Neural Solver Selection for Combinatorial Optimization

Machine learning has increasingly been employed to solve NP-hard combinatorial optimization problems, resulting in the emergence of neural solvers that demonstrate remarkable performance, even with minimal domain-specific knowledge. To date, the community has created numerous open-source neural solvers with distinct motivations and inductive biases. While considerable efforts are devoted to designing powerful single solvers, our findings reveal that existing solvers typically demonstrate complementary performance across different problem instances. This suggests that significant improvements could be achieved through effective coordination of neural solvers at the instance level. In this work, we propose the first general framework to coordinate the neural solvers, which involves feature extraction, selection model, and selection strategy, aiming to allocate each instance to the most suitable solvers.
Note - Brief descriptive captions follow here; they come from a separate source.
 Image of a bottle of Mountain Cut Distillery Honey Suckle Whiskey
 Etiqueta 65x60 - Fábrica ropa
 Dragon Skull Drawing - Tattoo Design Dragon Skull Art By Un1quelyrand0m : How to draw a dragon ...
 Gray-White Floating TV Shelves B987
To instantiate, we collect several typical neural solvers with state-of-the-art performance as alternatives, and explore various methods for each component of the framework. We evaluated our framework on two extensively studied combinatorial optimization problems, Traveling Salesman Problem (TSP) and Capacitated Vehicle Routing Problem (CVRP). Experimental results show that the proposed framework can effectively distribute instances and the resulting composite solver can achieve significantly better performance (e.g., reduce the optimality gap by 0.88\% on TSPLIB and 0.71\% on CVRPLIB) than the best individual neural solver with little extra time cost.